Acordamos ontem com o mesmo sobressalto cm que nos deitáramos na noite anterior: "A Nika está a morrer. Já paralisou e mal respira." A Nika é uma das cadelas dos meus filhos, que está lá em casa desde que eles são pequenos. Está velhota e contamos que, tal como aconteceu com o Aquiles, mais dia menos dia, morra. O Aquiles era o meu cão e eu nunca liguei muito nem à Nika nem aos filhos deles - Athos, Porthos e Aramis - que sempre foram os cães dos meus filhos. Quando morreu o Aquiles eu não estava cá, estava em Taizé e foi a minha mais-que-tudo que o levou ao veterinário para acabar com o seu sofrimento.

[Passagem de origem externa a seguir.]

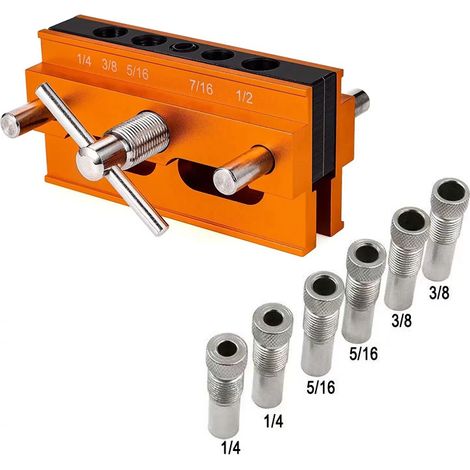 Localisateur de perçage droit (orange, unités impériales) Outil de perçage droit, gabarit de perçage, poinçon pour tourillons, accessoire de bricolage pour la décoration et le travail du bois, douille (1/5)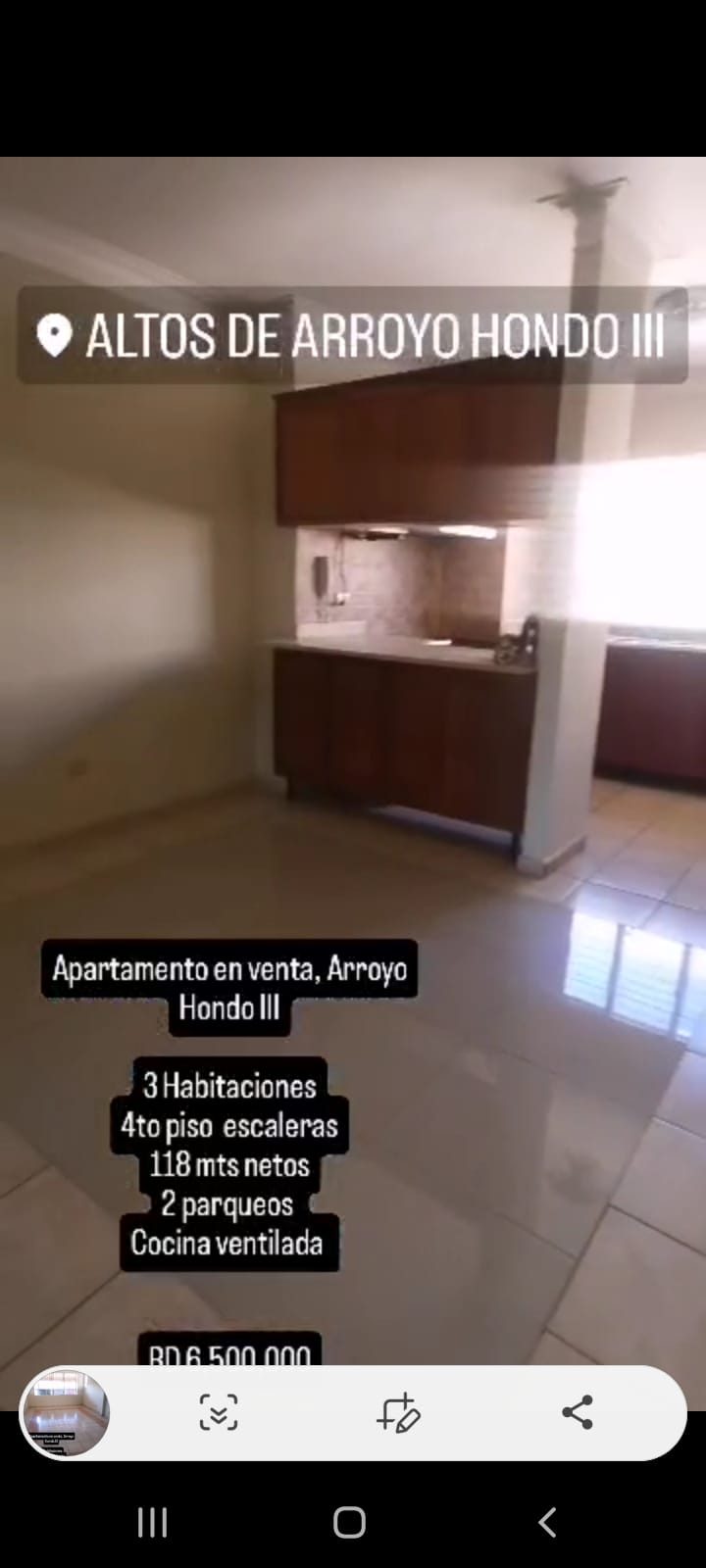 apartamentos - VENDO COMODO APARTAMENTO EN ALTOS DE ARROYO HONDO  3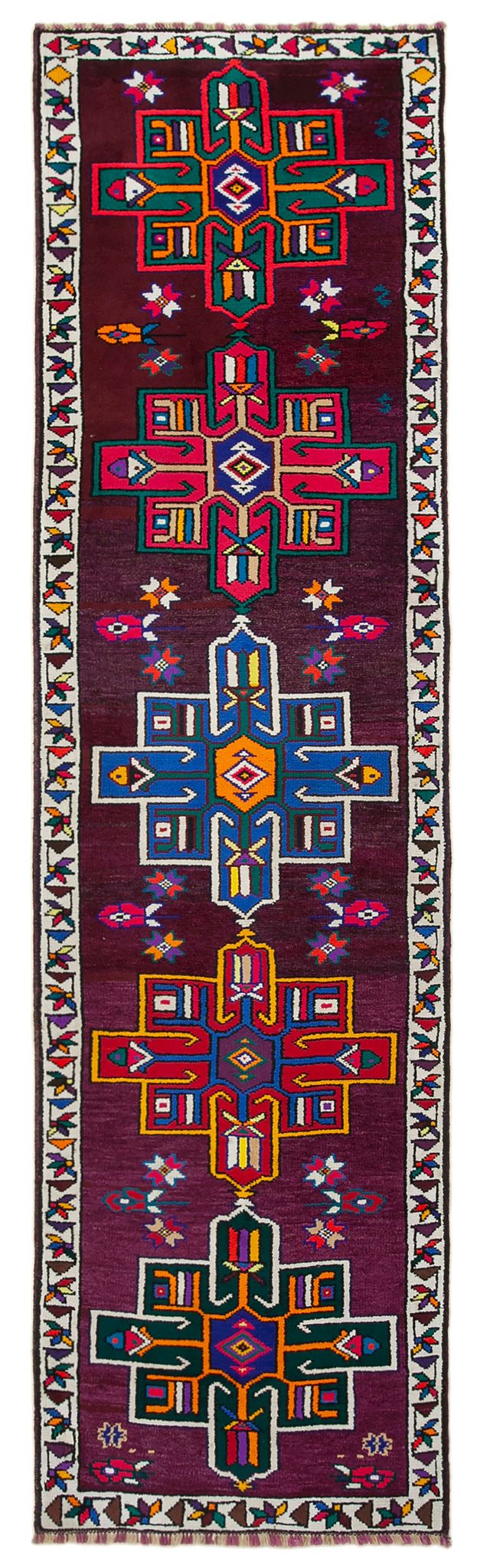 Handmade Distressed Oriental Multicolor Runner Carpet 90 cm x 332 cm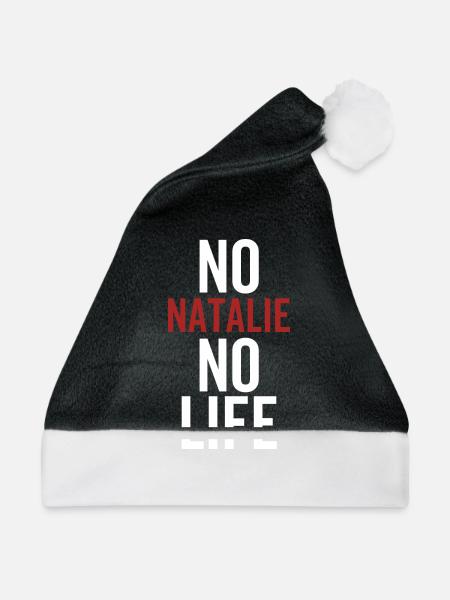 Nein Natalie Kein Leben - Weihnachtsmütze - Schwarz/Weiß - Vorne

Ontem cabia-me a mim. Afetivamente mais distanciado, era-me muito menos penoso tratar do assunto. À hora do almoço lá fui a casa pronto para terminar com o seu sofrimento. Às tantas a minha sogra grita que a Nika já está boa, já se pôs a pé, já comeu, e parecia que nada se tinha passado. Respirei com alivio, naturalmente, mas não foi aí que me detive.
Eu. que me digo um defensor acérrimo da vida, preparava-me para um ato de eutanásia. É um cão, eu sei, está velhinho, eu sei, provavelmente estaria a sofrer, eu sei, e também sei que estes são argumentos dos que defendem a eutanásia, aos quais eu me oponho. Só conseguia pensar que, mais uma vez, estava a ser incongruente com o que defendo, que a teoria é muito boa mas depois sou o primeiro, na vida vivida, a esquecer-me dos ideais e a agir como todos os outros, como se não pensasse nas coisas, como se me deixasse arrastar pelo vácuo. Se tivesse ido a casa uma hora antes provavelmente a Nika teria sido abatida, com toda a minha comiseração, com toda a minha penosa solidariedade, para terminar com o seu sofrimento. E no entanto...
Há nestas coisas essenciais da vida algo de muito perigoso. Não duvido que estejamos todos cheios de boas intenções, cheios de respeito pela liberdade alheia, cheios de sincera compreensão para com quem sofre e está cheio de sofrer. Mas há qualquer coisa de aberrante nisto de nos considerarmos senhores da vida, qualquer que ela seja.
Ontem, quando dei a boa nova à minha mais que tudo, fiz-lhe uma promessa: nunca mais tratarei de "acabar com o sofrimento" de nenhum dos nossos animais. Quando chegar a altura deles, partirão. Mas não serei eu a fazer com que isso aconteça.